Distinctive (adj): different, unique, original
Today, my life is taking a new turn.
I have completed all the work necessary in order to graduate with my 90-hour M.Div, a process that has taken the entirety of four years of my life, almost to the day.
And I have no idea what to do with it.
Let me explain: I have a lot of options and choices ahead, but none of them seem "right." Maybe I just don't want to "grow up" and "be an adult" that is out of school, but even continuing my education seems like the wrong step to take. And for someone who tends to plan out (in detail) the next, oh 40-50 years, not knowing what I'll be doing in 3 months or 6 months or a year is kinda super frightening.
I have spent that last year and a half slowing down and enjoying my life instead of merely "doing" life, and it has been a huge transformation for me. Even the fact that I am NOT rushing into the next "thing" after graduating is contrary to my nature. Taking a break is not something I naturally strive to do.

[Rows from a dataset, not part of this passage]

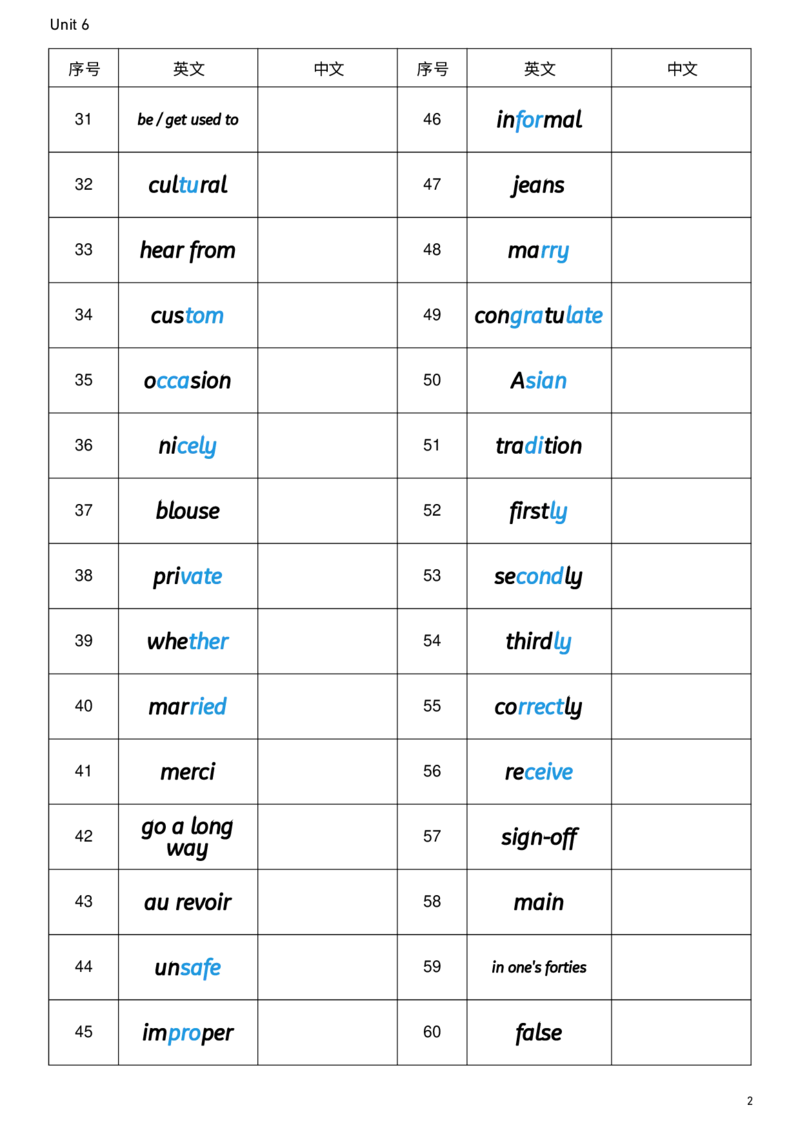 2026春人教版英语八下Unit6英译中_新人教八下资料包_00、更新资料3月16日_单词专项_新课标资料（看这里面）_单词背诵默写8个表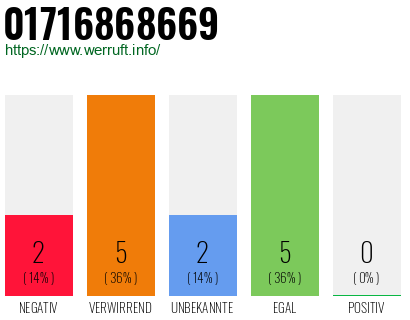 Rufnummer 01716868669 Telefonnummer 01716868669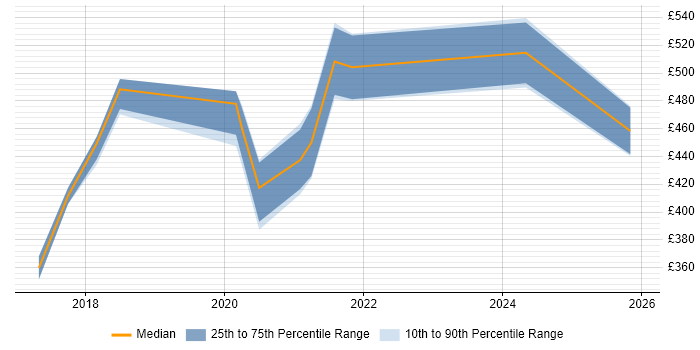 Contractor daily rate distribution trend for jobs in Swindon citing Apex Code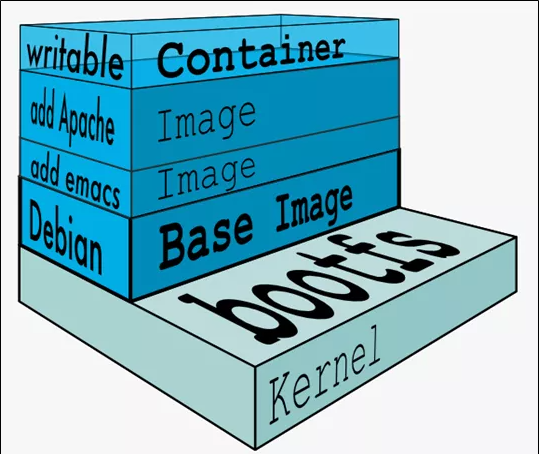 【Docker学习笔记】Docker从入门到实战之基础篇_Docker_06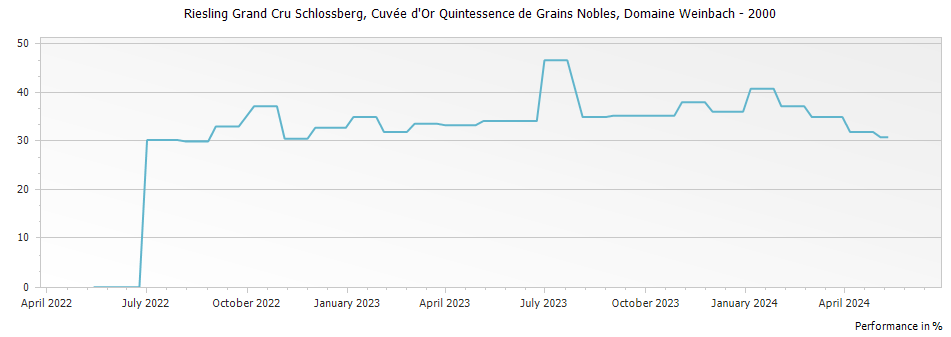 Graph for Domaine Weinbach Riesling Schlossberg Cuvee d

But here I am, graduating with a supercharged degree, having absolutely no answer to "what are you doing after graduation?" or "what's next for you?". And I'm okay with that. If there is any proof of change in me, and of God's peace in my life, it is that I am completely okay with not knowing what will happen next. In fact, I'm not even worried about the options and what I'm going to do next. Whoa.

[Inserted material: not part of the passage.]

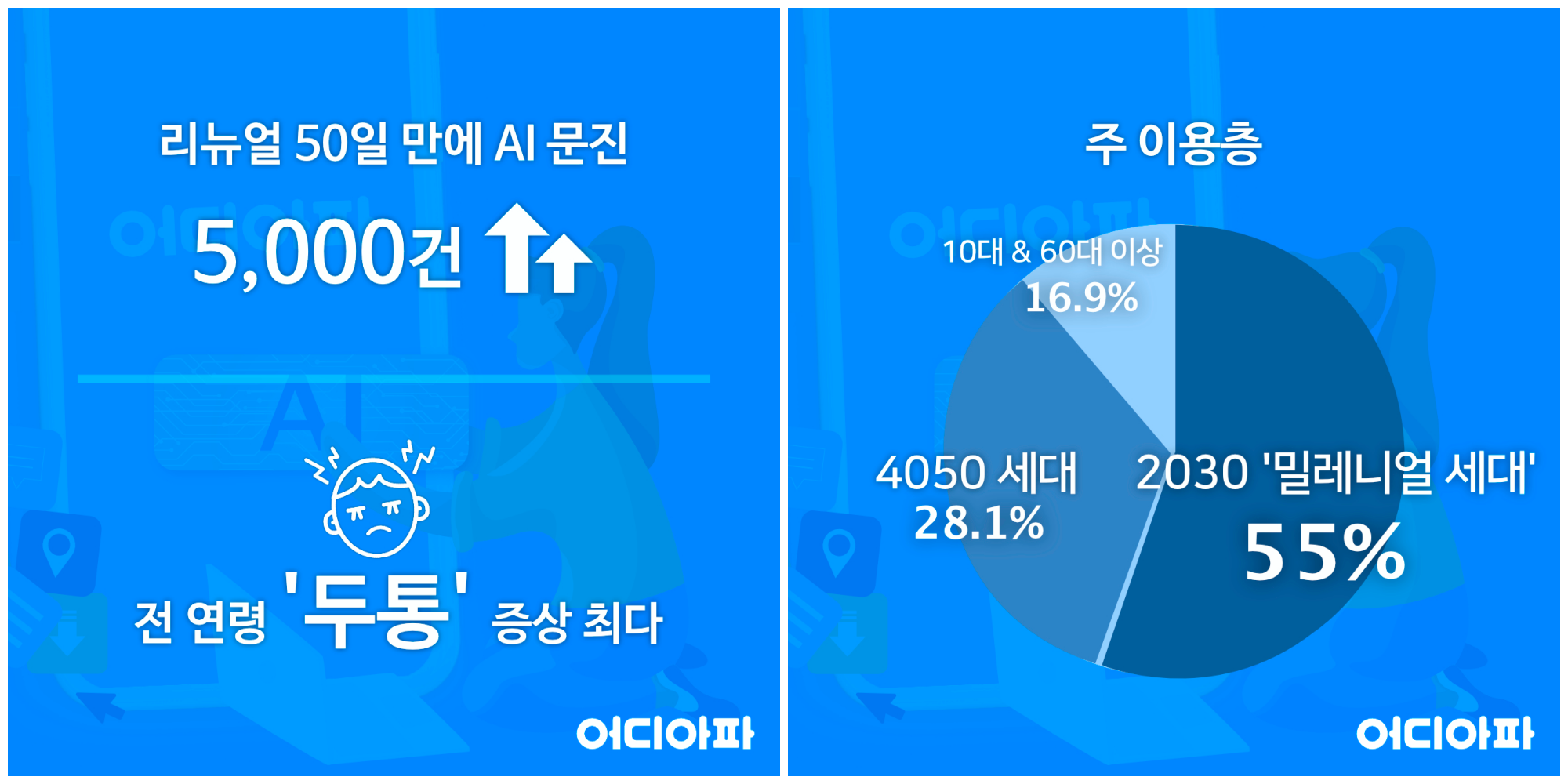 20200818 bepluslab 어디아파 - 와우테일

But, hey, let's not get crazy. I still have some short term goals and plans ;) After all, moving in 6 weeks will take a lot of time, effort, and organizational stamina. (PS Today is my two-year apartment-versary!) Once we are settled in our new apartment, I think the dust will begin to settle, and I will look around and realize I need something to do. I need a plan. I need to figure things out.
But I know there's no rush. And that is completely foreign to me.